Task prompt:
Lines to return, exactly: from the line with "Enlace a VÍDEO: Instructor" to the line with "Dell Alienware 16X" in the entries below, both included.

*** Task material ***

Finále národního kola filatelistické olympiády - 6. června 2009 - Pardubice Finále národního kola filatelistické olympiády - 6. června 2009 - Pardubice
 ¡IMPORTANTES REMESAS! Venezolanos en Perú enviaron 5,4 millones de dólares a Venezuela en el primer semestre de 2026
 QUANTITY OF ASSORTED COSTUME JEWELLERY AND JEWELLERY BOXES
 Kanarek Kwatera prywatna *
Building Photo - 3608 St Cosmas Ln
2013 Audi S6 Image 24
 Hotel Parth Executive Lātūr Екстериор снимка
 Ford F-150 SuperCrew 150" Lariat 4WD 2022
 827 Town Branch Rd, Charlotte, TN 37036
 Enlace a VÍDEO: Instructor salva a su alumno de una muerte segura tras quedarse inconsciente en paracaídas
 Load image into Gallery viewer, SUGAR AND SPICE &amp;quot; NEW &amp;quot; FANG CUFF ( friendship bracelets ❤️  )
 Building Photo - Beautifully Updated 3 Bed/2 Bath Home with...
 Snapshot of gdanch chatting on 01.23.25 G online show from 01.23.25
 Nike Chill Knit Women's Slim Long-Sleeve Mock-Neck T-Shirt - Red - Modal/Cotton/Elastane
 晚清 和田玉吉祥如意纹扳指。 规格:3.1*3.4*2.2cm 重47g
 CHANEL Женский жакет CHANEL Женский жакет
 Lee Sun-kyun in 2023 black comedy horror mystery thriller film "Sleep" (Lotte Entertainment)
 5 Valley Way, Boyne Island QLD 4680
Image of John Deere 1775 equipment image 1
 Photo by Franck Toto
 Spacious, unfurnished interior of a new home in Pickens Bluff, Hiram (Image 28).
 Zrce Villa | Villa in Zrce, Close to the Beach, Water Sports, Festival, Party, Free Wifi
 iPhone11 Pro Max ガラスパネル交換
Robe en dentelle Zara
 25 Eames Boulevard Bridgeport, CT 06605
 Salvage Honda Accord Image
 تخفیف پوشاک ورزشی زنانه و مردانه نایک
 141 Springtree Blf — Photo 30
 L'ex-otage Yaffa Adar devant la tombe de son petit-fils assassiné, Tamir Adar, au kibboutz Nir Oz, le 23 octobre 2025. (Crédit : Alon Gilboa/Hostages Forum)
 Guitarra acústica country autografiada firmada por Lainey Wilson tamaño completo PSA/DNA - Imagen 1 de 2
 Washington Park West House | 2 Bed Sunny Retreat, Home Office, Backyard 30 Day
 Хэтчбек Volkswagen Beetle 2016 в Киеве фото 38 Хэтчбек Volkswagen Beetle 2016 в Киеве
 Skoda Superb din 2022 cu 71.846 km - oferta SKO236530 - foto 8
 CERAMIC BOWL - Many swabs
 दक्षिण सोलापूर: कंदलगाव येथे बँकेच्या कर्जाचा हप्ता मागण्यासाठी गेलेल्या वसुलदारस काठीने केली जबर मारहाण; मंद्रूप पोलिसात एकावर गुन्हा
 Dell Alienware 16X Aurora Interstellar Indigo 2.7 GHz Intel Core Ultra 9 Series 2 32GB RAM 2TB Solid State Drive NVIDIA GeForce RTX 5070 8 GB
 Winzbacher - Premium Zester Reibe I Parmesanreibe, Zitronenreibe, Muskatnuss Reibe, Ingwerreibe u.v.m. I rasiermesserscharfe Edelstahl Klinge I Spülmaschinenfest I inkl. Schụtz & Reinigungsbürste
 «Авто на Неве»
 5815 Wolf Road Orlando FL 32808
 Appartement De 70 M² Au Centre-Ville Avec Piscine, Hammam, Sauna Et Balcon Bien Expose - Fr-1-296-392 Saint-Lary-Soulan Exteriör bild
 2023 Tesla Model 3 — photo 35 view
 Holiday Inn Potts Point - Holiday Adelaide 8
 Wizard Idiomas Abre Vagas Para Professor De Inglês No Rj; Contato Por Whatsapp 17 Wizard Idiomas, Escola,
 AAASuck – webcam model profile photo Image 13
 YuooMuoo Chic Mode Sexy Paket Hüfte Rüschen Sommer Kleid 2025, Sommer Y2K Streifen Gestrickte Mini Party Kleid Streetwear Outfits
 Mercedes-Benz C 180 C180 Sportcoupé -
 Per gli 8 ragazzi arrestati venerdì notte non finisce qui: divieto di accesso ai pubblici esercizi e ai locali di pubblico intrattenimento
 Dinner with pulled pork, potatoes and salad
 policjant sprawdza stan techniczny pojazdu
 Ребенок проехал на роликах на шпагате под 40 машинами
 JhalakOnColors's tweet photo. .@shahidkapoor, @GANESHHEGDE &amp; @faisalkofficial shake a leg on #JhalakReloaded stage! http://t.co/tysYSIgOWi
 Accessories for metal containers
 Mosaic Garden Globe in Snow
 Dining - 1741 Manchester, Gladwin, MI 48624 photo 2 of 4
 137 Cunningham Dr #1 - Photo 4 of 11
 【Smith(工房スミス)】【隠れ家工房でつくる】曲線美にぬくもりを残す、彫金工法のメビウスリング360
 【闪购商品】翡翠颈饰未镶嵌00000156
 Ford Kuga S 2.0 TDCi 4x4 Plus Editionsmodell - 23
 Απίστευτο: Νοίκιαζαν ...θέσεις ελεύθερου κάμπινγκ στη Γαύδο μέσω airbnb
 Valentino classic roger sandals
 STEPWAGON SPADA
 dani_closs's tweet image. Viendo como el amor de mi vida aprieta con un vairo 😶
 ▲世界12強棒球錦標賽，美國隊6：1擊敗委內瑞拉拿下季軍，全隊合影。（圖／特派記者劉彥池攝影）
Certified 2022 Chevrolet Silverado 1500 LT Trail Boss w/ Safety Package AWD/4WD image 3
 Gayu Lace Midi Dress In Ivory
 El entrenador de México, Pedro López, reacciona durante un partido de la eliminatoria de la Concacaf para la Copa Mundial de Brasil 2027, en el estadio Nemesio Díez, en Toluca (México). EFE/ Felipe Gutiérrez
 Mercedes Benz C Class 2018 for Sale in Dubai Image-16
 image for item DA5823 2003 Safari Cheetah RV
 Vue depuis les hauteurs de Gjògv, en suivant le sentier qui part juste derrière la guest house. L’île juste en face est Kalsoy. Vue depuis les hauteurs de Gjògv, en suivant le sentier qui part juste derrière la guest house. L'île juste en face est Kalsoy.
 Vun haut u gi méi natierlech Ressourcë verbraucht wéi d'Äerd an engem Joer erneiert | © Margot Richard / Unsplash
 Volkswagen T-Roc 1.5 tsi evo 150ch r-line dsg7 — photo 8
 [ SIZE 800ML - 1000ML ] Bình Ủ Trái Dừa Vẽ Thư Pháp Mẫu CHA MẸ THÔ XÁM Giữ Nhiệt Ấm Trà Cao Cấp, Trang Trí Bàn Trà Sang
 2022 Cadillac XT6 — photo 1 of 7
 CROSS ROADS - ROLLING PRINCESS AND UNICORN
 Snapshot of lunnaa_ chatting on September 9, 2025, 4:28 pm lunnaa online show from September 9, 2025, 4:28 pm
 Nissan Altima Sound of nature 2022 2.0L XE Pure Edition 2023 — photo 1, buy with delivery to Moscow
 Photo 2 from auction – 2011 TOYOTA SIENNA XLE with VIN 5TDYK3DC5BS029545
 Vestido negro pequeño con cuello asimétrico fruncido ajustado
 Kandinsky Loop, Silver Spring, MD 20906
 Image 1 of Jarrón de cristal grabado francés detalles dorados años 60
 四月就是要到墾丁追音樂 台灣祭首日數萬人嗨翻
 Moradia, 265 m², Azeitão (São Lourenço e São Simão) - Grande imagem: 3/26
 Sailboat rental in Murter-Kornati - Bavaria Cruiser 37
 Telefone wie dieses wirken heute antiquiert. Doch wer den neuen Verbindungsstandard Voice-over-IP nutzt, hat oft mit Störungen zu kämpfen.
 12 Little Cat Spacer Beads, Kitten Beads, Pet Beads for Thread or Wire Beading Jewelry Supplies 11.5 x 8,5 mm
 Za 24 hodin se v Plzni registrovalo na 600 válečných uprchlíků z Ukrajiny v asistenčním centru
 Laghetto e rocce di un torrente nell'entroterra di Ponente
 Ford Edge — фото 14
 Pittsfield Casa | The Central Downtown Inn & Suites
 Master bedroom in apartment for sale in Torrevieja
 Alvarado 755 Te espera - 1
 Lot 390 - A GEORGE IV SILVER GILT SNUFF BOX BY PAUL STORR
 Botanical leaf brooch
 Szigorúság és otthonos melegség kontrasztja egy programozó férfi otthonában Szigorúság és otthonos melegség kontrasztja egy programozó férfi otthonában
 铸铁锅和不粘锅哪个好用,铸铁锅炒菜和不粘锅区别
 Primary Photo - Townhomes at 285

*** End of Task material ***

Answer space:
 Enlace a VÍDEO: Instructor salva a su alumno de una muerte segura tras quedarse inconsciente en paracaídas
 Load image into Gallery viewer, SUGAR AND SPICE &amp;quot; NEW &amp;quot; FANG CUFF ( friendship bracelets ❤️  )
 Building Photo - Beautifully Updated 3 Bed/2 Bath Home with...
 Snapshot of gdanch chatting on 01.23.25 G online show from 01.23.25
 Nike Chill Knit Women's Slim Long-Sleeve Mock-Neck T-Shirt - Red - Modal/Cotton/Elastane
 晚清 和田玉吉祥如意纹扳指。 规格:3.1*3.4*2.2cm 重47g
 CHANEL Женский жакет CHANEL Женский жакет
 Lee Sun-kyun in 2023 black comedy horror mystery thriller film "Sleep" (Lotte Entertainment)
 5 Valley Way, Boyne Island QLD 4680
Image of John Deere 1775 equipment image 1
 Photo by Franck Toto
 Spacious, unfurnished interior of a new home in Pickens Bluff, Hiram (Image 28).
 Zrce Villa | Villa in Zrce, Close to the Beach, Water Sports, Festival, Party, Free Wifi
 iPhone11 Pro Max ガラスパネル交換
Robe en dentelle Zara
 25 Eames Boulevard Bridgeport, CT 06605
 Salvage Honda Accord Image
 تخفیف پوشاک ورزشی زنانه و مردانه نایک
 141 Springtree Blf — Photo 30
 L'ex-otage Yaffa Adar devant la tombe de son petit-fils assassiné, Tamir Adar, au kibboutz Nir Oz, le 23 octobre 2025. (Crédit : Alon Gilboa/Hostages Forum)
 Guitarra acústica country autografiada firmada por Lainey Wilson tamaño completo PSA/DNA - Imagen 1 de 2
 Washington Park West House | 2 Bed Sunny Retreat, Home Office, Backyard 30 Day
 Хэтчбек Volkswagen Beetle 2016 в Киеве фото 38 Хэтчбек Volkswagen Beetle 2016 в Киеве
 Skoda Superb din 2022 cu 71.846 km - oferta SKO236530 - foto 8
 CERAMIC BOWL - Many swabs
 दक्षिण सोलापूर: कंदलगाव येथे बँकेच्या कर्जाचा हप्ता मागण्यासाठी गेलेल्या वसुलदारस काठीने केली जबर मारहाण; मंद्रूप पोलिसात एकावर गुन्हा
 Dell Alienware 16X Aurora Interstellar Indigo 2.7 GHz Intel Core Ultra 9 Series 2 32GB RAM 2TB Solid State Drive NVIDIA GeForce RTX 5070 8 GB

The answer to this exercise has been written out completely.